For years scientists across the globe have tried to develop solar-powered ovens with different qualities aimed at developing countries. The problem has been that these solutions have not been optimized with the needs of the users, for instance in Ethiopia, in mind. The ovens have not reached high enough temperatures to make injera, and can’t store the heat so that it is possible to make food also in the evenings or at night.
“These solar cookers are only able to boil rice or vegetables and such. But that is not what most Ethiopians eat. They eat injera, a sort of flatbread that needs to be baked. For that you need a temperature of 200-250⁰C (392-482⁰F),” Haug Larsen says.
He adds that he finds it rewarding in itself to make it possible for people in developing countries to make food in an efficient, safe and environmentally safe way any time of day.
“It is exciting to use our technology in practice and show that the product is useful to many people,” Haug Larsen, who is also a teacher, says.
How it works
The solar powered oven is environmentally friendly. When exposed to sunlight the heat is transferred to a container with salt chemicals. There are two working prototypes, one at NTNU and the other in Ethiopia. The need for such an oven is huge, the students have found.
Roughly 50 per cent of the country doesn’t have access to electric power and use fire wood instead, which has accelerated deforestation.
“People hardly have any fire wood or electric power, but they don’t lack for sun,” Haug Larsen says.
Haug Larsen travelled to Ethiopia with fellow student Sebastian Vendrig in mid-January to get in touch with customers and potential partners. At the same time they wanted to see if it was possible to produce the oven locally in Mekele, the home city of Asfafaw, the man behind the idea.
“As the users and potential customers are in Ethiopia it is important for us to travel there to meet them and at the same time experience the culture and society. We also want to establish a viable business there and will at the same time look at possible production workshops,” Haug Larsen said before they left.
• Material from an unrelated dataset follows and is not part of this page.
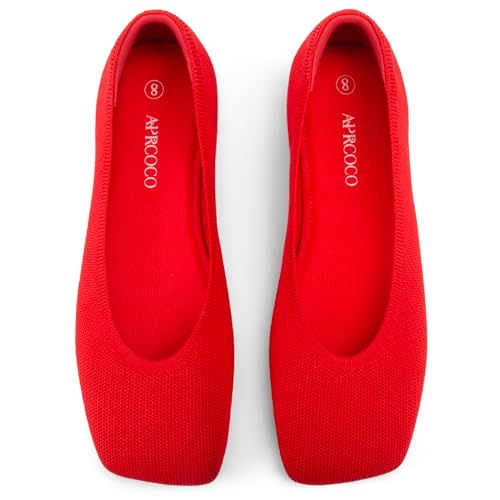 AprCoco Women's Wide Toe Box Flats Square Toe Ballet Shoes Washable Knit Lightweight Slip On Walking Flats for Women Office Casual Dress,Size 07,Red at Amazon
The students have already been in touch with the Norwegian embassy in Addis Ababa, along with the Norwegian Agency for Development Cooperation (Norad) and several organizations willing to help the students.
The project received support from Norfund, Spark NTNU and Trønder Energi. The students are also working with NTNU Technology Transfer (TTO).
Want to expand
The connection between Asfafaw and Ethiopia is the main reason why the group is trying to establish the product here first. The students see a potential market in organizations working in the country, and in schools, universities, hospitals, bakeries, restaurants and hotels.
“It might be possible to make the oven accessible to private people at a later time, but as it is now they have limited funds and will not know how to use it,” says Haug Larsen.
He and the rest of the student group hope to start a business and work with the oven after their studies.
“It would be fantastic if our product could improve the conditions in several developing countries and if we can be part of creating jobs locally,” Haug Larsen says.